All Cummings proceeded to do for a team whose running game had yet to register anything resembling a consistent pulse through a 2-2 start was rush for 206 yards and two scores, his second major tying the game at 30-30 in regulation and sending it into what would eventually become quadruple overtime.
In the extra sessions, the ‘Birds would ride the arm of quarterback Michael O’Connor on their way to a 53-50 victory.
“It came down to a little bit of attitude on the offensive line,” said Nill, “and from Ben, he is a powerful young man. He had to pick up the urgency, and he did today.”
Cummings, the former high school star from Abbotsford’s Robert Bateman Secondary, had just four carries for 27 yards over the first half, but he carried 17 times for 179 yards the rest of the way, his offensive line gaining its best traction of the season and Cummings running with an anger that allowed him to shed first- and second-level tacklers.
On the four UBC drives in which he received three-plus carries from O’Connor, UBC put points on the board. Two were his own majors, one a 21-yard catch by Trivel Pinto, and the other a Greg Hutchins’ field goal.
For the Thunderbirds, Friday’s explosion of rushing couldn’t have come at a better time because offensive balance is going to be key as UBC navigates the gauntlet of Saskatchewan and Regina on the road and Calgary at home in its Oct. 29 regular-season finale.
Cummings looked to be the guy tabbed to fill the role of RB-1 when the season started, but as UBC attempted to find chemistry along its offensive line and in its backfield, the offence seemed to grow more and more one-dimensional each week, leaning on O’Connor and his cadre of pass catchers.
Friday’s effort seemed to vindicate the quality Cummings brought to the Point Grey campus out of Bateman. Over his final two seasons of high school, Cummings rushed for 2,898 and 32 touchdowns. Once, in his Grade 11 year, he rushed for 402 yards in a single game.
Now as the ‘Birds enter the league-wide bye week, Cummings as well as fellow running backs Kory Nagata and Liam Mahara will continue to battle for carries through practice.
“We’re all close as a running back group,” said Cummings of the trio, each of whom has started games this season.

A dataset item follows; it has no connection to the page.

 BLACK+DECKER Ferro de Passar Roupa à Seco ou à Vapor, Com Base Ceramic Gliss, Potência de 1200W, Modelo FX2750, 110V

“We’re just competing to make each other better.”
On Friday, Cummings and the offensive line carried the UBC offence to overtime. From there, O’Connor flashed his mojo in ways that made you think he was back playing in the Vanier Cup.
He went 32 yards to Pinto for a score, later 25 yards to Will Watson for another, and then with the scored tied 47-47, he brought his best into the fourth overtime.
UBC defensive lineman Connor Griffiths recorded a sack to force a second-and-22, forcing Manitoba to settle for a 38-yard field goal and a 50-47 lead. That paved the way for O’Connor to hit Pinto for his third TD catch of the game, a swing pass from 35 yards out that ended the marathon.
“It means everything,” said Nill of moving to 3-2 and keeping the team’s home playoff hopes alive while Manitoba fell to 2-3. “Every game like this is an investment in the culture of this program.”
BIRD BITS: A statistical error Friday mistakenly credited UBC with an extra 40 yards of offence, thus the team finished with 713 yards, not the 753 which was originally reported to be a new school single-game record. The record of 729 yards from 2004 remains the school standard.